Educação e conscientização: Muitos filmes abordam temas sociais e históricos de maneira informativa, ajudando o público a entender as raízes do racismo e suas consequências. Isso não apenas educa, mas também pode motivar discussões importantes sobre justiça social e igualdade.
Reflexão e debate: O cinema provoca reflexões e debates sobre questões sociais, oferecendo uma plataforma para questionar e analisar comportamentos e crenças. Isso pode inspirar ações individuais e coletivas em prol da mudança social.

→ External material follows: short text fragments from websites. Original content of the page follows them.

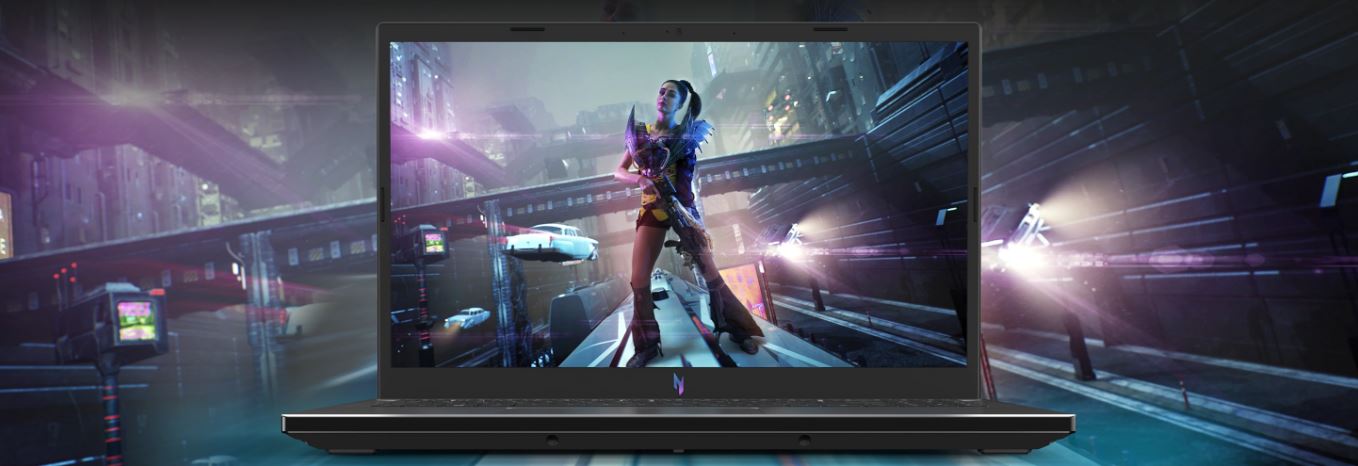 Herní notebook ACER Nitro V15 ANV155157TB černý black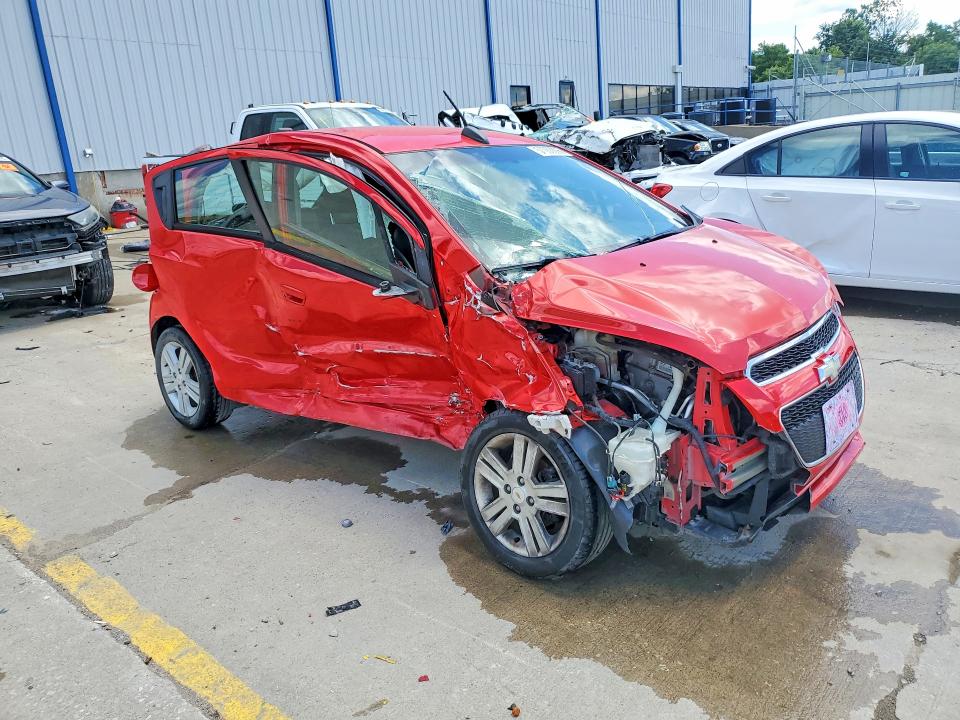 2015 Chevrolet VIN KL8CD6S97FC721898 COPART salvage auction — SIDE, Ky - Bill Of Sale/Part Only/No Titl, sold $300 on 2026-07-22 (photo 4)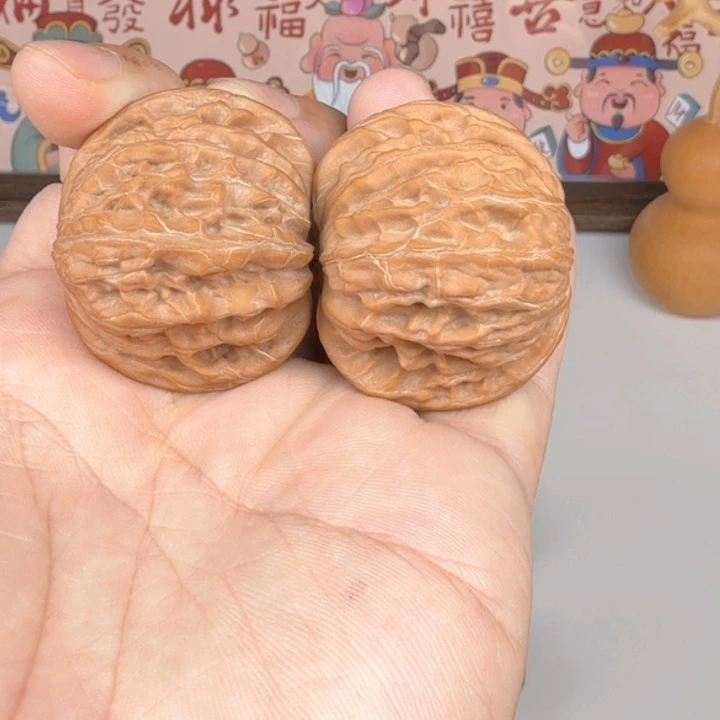 手串文玩核桃山地磨盘40/37.6/33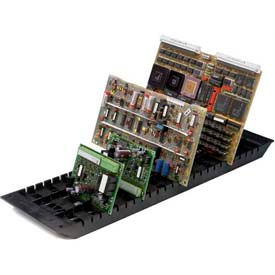 Fancort Industries RA-18C/SMT Fancort Universal Rack-All Model Ra-18, Conductive, 30 Shallow Slots, Stackable image.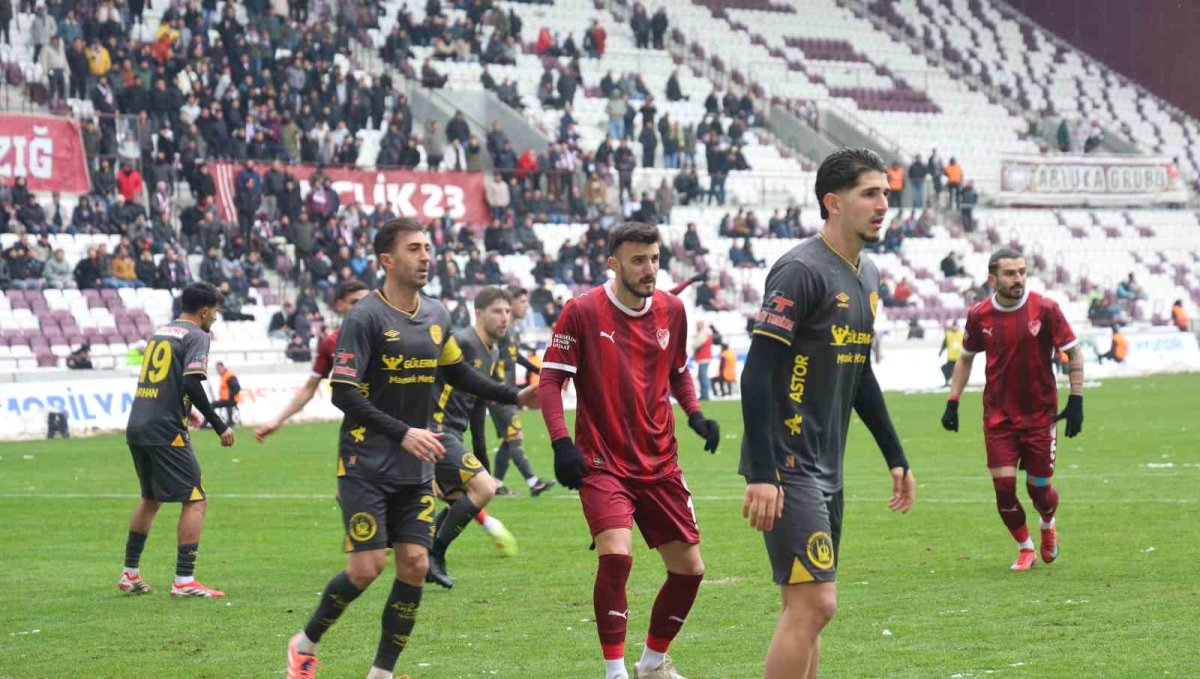 TFF 2. Lig: Elazığspor: 5 - MKE Ankaragücü: 0
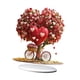 thumbnail image 5 of Decoración de mesa, decoración del Día de San Valentín, regalos de boda decorativos dulces, adornos de mesa para gabinete de oficina en casa de año Estilo B, 5 of 8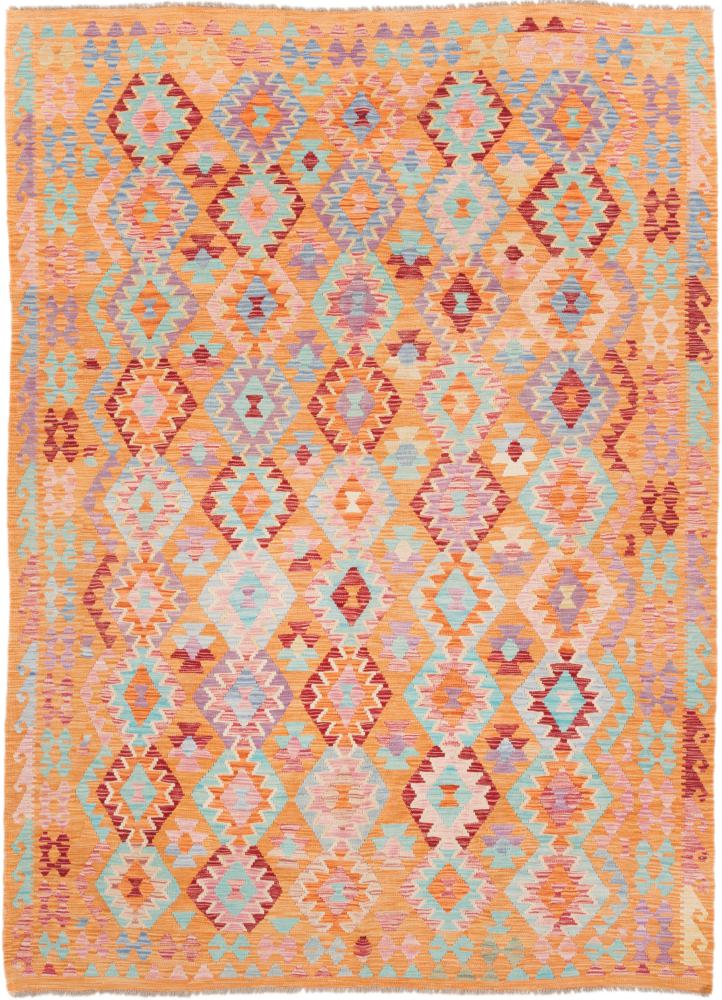 Tapete afegão Kilim Afegão 290x212 290x212, Tapete persa Tecido à mão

Impacto cultural e social: O cinema tem um papel significativo na formação da cultura popular. Quando um filme que aborda o racismo é bem-sucedido, ele pode atrair a atenção da mídia e do público, impulsionando um diálogo mais amplo sobre a questão, influenciando políticas e iniciativas sociais. Portanto, o cinema não é apenas um reflexo da sociedade, mas também um agente ativo que pode inspirar mudanças, promover compreensão e incentivar ações contra o racismo. Esta análise foi desenvolvida com base em conceitos de estudos culturais e cinematográficos, conforme abordado por Stuart Hall, que examina o cinema como meio de representação social e transformação cultural
Sobre filmes e documentários, ambos os formatos têm o potencial de abordar questões sociais e raciais, mas suas concepções e métodos são diferentes. Embora muitos filmes sejam inspirados em histórias reais, a forma como essas histórias são contadas e a intenção por trás de cada formato diferem substancialmente. Os documentários são uma forma distinta de narrativa visual que se concentra em retratar a realidade, e eles têm características específicas que os diferenciam dos filmes de ficção, mesmo quando ambos podem abordar temas semelhantes, como o racismo.
Métodos
Neste item apresenta-se os filmes e o documentário selecionado, bem como os critérios de inclusão da seleção, além do método de análise e a revisão de literatura feita em relação as categorias centrais que permeiam a análise dos filmes. Sobre a seleção escolheu-se: Race (2016), A história de uma lenda (2013), Duelo de Titãs (2001); Invictus (2009); e o documentário Outraged (2021). Para uma análise mais detalhada, é importante diferenciar cinema de documentário. Conforme Escrevendo o Futuro, definir documentário é desafiador e frequentemente envolve compará-lo ao cinema de ficção. Enquanto o documentário busca capturar a realidade com objetividade, a ficção explora a criação de narrativas e a subjetividade. No entanto, cineastas perceberam que o documentário apenas representa a realidade, sem espelhá-la fielmente. Muitos realizadores, assim, combinam elementos de ficção e documentário, criando uma narrativa que convida o espectador a questionar o que vê e compreendendo o documentário como uma construção discursiva, não como uma visão direta do real. A seguir o detalhamento das seleções feitas.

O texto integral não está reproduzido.